• DATA TO PROCESS:
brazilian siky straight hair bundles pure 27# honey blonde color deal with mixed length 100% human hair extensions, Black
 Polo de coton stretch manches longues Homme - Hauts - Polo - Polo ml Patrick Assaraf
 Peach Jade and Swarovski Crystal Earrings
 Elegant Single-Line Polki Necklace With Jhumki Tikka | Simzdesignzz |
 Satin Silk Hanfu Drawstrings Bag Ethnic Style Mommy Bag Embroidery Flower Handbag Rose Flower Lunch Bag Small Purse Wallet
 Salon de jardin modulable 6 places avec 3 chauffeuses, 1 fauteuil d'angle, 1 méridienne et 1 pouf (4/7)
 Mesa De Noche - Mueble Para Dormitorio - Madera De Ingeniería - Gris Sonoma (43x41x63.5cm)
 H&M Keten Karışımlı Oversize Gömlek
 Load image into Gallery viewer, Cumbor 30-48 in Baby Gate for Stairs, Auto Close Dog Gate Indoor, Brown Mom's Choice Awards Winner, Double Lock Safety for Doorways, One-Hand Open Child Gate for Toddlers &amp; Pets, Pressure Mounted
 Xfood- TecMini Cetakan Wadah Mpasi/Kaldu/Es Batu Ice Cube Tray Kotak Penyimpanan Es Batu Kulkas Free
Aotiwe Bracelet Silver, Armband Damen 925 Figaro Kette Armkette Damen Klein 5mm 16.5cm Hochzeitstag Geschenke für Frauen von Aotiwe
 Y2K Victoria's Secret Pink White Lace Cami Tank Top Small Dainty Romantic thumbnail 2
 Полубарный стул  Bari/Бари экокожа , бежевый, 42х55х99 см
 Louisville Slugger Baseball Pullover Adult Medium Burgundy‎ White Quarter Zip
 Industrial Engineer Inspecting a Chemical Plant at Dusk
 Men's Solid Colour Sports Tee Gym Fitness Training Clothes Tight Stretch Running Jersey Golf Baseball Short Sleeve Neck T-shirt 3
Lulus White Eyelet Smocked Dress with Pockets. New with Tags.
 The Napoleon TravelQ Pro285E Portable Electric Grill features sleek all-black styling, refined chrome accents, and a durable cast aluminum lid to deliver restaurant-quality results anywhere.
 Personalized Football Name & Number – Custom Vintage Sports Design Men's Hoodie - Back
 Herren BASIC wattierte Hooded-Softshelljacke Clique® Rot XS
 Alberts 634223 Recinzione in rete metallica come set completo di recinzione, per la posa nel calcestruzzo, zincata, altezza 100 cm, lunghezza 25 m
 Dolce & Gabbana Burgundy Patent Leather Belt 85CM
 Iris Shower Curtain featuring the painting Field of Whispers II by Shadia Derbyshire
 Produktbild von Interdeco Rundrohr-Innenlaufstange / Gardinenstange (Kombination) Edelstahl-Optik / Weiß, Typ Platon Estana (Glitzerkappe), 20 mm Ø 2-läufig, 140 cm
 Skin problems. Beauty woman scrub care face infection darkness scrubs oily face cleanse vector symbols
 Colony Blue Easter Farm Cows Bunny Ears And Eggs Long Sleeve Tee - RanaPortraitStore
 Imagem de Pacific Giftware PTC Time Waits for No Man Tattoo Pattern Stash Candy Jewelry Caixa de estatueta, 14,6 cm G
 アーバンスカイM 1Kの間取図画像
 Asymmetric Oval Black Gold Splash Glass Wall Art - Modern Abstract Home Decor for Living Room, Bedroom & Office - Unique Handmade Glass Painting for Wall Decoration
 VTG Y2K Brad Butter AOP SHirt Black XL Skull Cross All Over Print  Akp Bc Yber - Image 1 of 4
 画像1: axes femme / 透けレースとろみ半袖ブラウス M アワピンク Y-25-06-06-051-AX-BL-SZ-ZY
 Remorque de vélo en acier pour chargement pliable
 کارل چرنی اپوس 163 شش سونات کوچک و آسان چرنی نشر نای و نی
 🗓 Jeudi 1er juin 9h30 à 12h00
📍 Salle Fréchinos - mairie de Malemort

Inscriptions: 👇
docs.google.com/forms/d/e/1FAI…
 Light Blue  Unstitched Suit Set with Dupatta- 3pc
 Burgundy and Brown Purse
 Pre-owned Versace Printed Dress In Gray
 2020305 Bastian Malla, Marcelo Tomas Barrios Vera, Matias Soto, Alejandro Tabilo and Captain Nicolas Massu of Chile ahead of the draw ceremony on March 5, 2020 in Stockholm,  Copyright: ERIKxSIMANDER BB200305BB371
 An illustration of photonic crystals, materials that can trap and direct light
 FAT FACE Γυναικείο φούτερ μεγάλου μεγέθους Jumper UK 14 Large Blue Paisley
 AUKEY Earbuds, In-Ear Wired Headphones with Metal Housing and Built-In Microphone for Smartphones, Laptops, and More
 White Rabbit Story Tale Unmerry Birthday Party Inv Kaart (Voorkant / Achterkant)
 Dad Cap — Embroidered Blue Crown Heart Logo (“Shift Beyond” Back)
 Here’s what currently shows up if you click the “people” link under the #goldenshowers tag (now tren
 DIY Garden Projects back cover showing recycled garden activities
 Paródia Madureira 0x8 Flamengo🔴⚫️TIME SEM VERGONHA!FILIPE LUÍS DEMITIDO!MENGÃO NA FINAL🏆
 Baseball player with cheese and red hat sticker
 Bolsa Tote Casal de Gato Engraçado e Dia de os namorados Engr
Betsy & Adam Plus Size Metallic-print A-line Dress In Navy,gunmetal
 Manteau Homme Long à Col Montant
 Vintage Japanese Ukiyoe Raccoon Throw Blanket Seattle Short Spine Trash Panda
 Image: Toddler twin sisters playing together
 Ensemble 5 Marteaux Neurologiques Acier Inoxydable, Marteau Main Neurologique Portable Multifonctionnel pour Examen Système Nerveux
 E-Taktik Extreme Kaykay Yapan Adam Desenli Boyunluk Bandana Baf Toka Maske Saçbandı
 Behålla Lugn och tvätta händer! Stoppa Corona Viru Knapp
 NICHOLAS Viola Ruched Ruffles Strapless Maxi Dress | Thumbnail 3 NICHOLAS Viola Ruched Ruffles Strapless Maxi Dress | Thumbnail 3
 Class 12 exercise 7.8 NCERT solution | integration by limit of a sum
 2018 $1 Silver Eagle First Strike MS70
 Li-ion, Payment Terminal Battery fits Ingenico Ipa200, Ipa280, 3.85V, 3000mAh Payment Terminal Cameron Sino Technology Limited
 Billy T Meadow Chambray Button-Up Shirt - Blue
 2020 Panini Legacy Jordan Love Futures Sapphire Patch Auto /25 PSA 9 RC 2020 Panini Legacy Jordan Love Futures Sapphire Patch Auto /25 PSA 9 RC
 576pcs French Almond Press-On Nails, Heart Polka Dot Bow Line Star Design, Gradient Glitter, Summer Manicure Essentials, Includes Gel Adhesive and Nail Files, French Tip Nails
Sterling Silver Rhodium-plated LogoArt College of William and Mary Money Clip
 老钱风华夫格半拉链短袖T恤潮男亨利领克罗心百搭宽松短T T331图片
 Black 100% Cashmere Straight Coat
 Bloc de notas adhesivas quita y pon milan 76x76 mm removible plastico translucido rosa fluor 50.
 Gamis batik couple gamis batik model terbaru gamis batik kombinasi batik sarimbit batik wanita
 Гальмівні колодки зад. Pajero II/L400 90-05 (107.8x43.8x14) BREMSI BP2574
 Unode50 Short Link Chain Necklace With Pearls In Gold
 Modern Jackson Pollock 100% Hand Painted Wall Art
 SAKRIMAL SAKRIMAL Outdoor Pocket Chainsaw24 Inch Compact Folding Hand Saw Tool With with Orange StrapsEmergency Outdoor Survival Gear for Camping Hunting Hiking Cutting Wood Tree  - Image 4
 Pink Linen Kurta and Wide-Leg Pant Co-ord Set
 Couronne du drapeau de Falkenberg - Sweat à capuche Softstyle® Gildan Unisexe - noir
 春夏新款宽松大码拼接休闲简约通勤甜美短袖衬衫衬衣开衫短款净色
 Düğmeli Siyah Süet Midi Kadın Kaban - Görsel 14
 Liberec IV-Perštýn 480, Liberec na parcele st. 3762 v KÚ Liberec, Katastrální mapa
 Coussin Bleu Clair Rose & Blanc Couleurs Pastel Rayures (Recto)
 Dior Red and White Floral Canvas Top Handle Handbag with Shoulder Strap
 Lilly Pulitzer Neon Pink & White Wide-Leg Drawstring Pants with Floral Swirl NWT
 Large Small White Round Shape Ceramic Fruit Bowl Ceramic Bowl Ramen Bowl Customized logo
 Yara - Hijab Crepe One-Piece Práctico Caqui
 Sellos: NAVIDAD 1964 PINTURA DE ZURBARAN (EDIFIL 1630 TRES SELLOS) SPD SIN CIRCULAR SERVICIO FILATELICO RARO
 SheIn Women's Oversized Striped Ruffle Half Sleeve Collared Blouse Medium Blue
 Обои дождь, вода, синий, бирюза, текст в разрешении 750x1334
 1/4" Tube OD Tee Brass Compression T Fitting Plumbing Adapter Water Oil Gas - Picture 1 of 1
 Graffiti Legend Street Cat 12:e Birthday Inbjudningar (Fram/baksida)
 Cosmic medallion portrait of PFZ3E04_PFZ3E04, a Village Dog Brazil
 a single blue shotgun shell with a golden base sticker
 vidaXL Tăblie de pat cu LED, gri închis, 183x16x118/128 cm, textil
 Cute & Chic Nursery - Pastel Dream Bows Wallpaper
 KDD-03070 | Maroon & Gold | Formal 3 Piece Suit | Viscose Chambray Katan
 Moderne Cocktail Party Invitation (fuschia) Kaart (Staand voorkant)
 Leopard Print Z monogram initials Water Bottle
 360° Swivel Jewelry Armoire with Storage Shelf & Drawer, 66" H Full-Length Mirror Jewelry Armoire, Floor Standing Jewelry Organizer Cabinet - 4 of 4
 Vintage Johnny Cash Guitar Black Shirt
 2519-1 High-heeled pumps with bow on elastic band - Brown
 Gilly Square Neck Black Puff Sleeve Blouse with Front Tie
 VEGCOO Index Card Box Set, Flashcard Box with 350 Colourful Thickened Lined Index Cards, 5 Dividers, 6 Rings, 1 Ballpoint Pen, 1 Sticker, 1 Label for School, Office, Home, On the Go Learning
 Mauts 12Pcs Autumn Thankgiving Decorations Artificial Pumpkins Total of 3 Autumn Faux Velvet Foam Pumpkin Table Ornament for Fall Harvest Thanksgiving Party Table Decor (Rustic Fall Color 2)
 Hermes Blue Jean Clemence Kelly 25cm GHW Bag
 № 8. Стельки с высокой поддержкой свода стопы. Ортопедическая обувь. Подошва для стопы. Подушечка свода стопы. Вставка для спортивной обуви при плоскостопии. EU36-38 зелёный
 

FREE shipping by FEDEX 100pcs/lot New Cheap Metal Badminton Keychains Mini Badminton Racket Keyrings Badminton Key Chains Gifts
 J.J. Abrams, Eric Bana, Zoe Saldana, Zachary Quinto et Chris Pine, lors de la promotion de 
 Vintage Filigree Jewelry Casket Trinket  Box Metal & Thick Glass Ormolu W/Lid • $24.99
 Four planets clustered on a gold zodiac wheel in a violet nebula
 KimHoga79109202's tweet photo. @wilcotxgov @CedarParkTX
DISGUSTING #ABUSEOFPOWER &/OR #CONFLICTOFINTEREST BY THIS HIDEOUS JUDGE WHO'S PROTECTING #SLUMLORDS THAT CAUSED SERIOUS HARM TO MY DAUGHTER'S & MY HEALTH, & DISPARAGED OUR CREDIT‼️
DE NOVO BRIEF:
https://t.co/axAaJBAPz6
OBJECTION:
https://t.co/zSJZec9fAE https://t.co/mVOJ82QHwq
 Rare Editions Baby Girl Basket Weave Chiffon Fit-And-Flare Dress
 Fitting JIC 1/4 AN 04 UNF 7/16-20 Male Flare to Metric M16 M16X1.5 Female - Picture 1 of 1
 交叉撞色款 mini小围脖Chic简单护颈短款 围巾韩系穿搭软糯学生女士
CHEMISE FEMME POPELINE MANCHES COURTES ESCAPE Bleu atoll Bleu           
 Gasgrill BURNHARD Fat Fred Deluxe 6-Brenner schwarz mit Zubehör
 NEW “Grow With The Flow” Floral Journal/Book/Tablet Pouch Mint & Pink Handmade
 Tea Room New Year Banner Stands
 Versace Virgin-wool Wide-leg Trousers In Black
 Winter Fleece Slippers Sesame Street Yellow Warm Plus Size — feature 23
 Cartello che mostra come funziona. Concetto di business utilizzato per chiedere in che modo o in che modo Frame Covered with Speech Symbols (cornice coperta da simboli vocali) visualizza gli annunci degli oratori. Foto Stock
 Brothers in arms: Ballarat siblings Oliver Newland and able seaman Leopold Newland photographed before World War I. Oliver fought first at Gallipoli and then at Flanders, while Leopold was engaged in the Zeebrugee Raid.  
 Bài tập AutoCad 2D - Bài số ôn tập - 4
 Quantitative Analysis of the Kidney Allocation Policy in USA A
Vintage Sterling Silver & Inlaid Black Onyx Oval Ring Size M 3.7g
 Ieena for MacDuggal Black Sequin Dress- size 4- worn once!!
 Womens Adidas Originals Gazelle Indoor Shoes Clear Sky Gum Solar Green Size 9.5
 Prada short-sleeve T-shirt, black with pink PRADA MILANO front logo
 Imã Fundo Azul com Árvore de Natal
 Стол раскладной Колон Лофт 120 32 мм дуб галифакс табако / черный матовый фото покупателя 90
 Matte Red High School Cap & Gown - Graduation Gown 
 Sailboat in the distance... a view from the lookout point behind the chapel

• YOUR INSTRUCTIONS: Taking the lines above, repeat exactly those from the line that contains "Dad Cap — Embroidered" through the line that contains "Ensemble 5 Marteaux", and both of those lines as well. Include nothing else.

• RESPONSE BELOW:
 Dad Cap — Embroidered Blue Crown Heart Logo (“Shift Beyond” Back)
 Here’s what currently shows up if you click the “people” link under the #goldenshowers tag (now tren
 DIY Garden Projects back cover showing recycled garden activities
 Paródia Madureira 0x8 Flamengo🔴⚫️TIME SEM VERGONHA!FILIPE LUÍS DEMITIDO!MENGÃO NA FINAL🏆
 Baseball player with cheese and red hat sticker
 Bolsa Tote Casal de Gato Engraçado e Dia de os namorados Engr
Betsy & Adam Plus Size Metallic-print A-line Dress In Navy,gunmetal
 Manteau Homme Long à Col Montant
 Vintage Japanese Ukiyoe Raccoon Throw Blanket Seattle Short Spine Trash Panda
 Image: Toddler twin sisters playing together
 Ensemble 5 Marteaux Neurologiques Acier Inoxydable, Marteau Main Neurologique Portable Multifonctionnel pour Examen Système Nerveux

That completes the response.